No Brasil, normalmente a identificação se opera com a obtenção de elementos individualizadores como fotografias pessoais e impressões datiloscópicas, utilizadas pelos institutos de identificação dos Estados da Federação para o cadastro das carteiras (também chamadas “cédulas”) de identidade, com registro em ordem numérica, popularmente conhecido como “R.G” (“Registro Geral”). Essa é a identidade civil, que todos os cidadãos devem possuir para o regular exercício de seus direitos e deveres, cuja formalização em regra é baseada na certidão de nascimento do indivíduo, gerando também outros documentos pessoais que permitem a identificação civil de cada ser humano.
6.1 - Identificação civil e identificação criminal
Há comando constitucional que baliza a identificação: “o civilmente identificado não será submetido a identificação criminal, salvo nas hipóteses previstas em lei” (CF, art.5º, inciso LVIII).
Tem-se que a regra é a identificação civil, comprovada por meio de documentos pessoais, sendo a identificação criminal admitida somente nos casos regulados em lei.

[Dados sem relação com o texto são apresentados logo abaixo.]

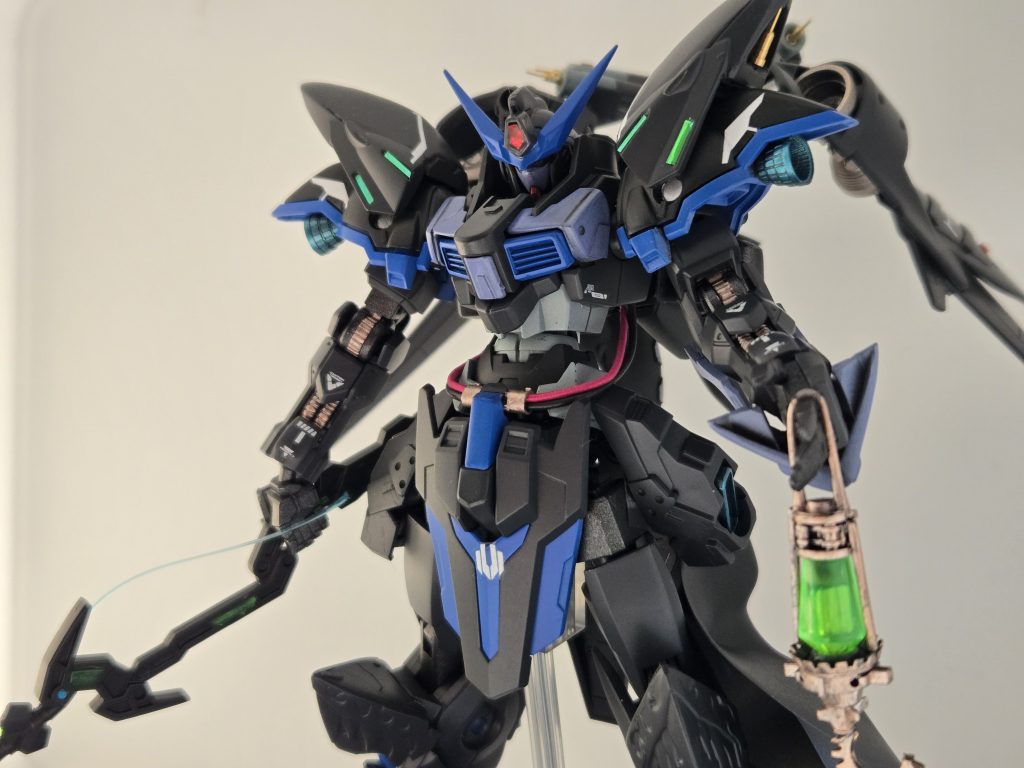 死神＋暗黒騎士というイメージで腰マントや膝当てを身につけました。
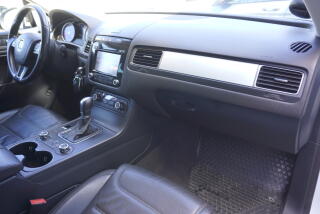 Volkswagen Touareg (2013) 3,6 V6 FSI  4x4 KŮŽE - náhled 22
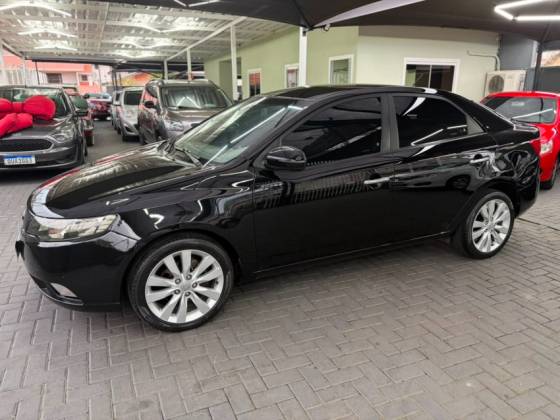 KIA CERATO 1.6 SX3 16V GASOLINA 4P MANUAL KIA CERATO 1.6 SX3 16V GASOLINA 4P MANUAL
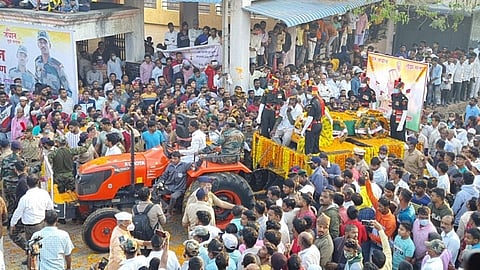 Martyr Jawan Romit Chavan Last Rites In Sangli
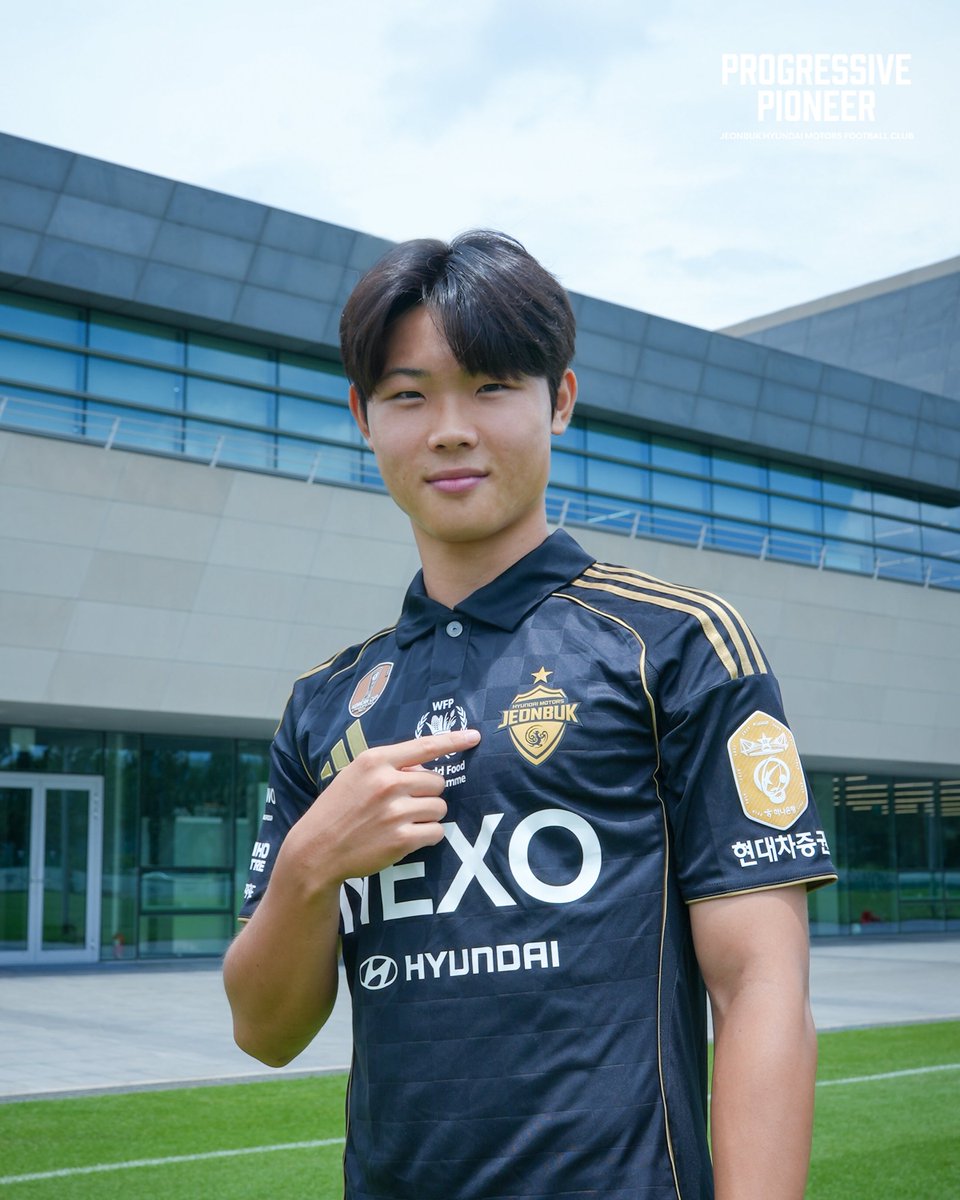 holazuni's tweet photo. 🇰🇷⭐ South Korea’s next Lee Kang-in? Meet Jeonbuk’s 17-year-old sensation Kim Yegeon.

O diploma que disciplina a matéria é a Lei Federal nº 12.037/2009, a qual prevê que a identificação civil pode ser atestada por qualquer dos documentos pessoais elencados em seu artigo 2º: carteira de identidade (como dito, conhecido como “R.G”), carteira de trabalho, carteira profissional, passaporte, carteira de identificação funcional e qualquer outro documento público que permita a identificação do indiciado, em geral, incluindo-se nesta última hipótese documentos oficiais contendo foto identificatória, como a carteira nacional de habilitação (CNH). O diploma ainda equipara aos documentos de identificação civil os de identificação militar, os quais, portanto, também podem ser empregados para o mesmo fim (Lei Federal nº 12.037/2009, art. 2º, p.u.).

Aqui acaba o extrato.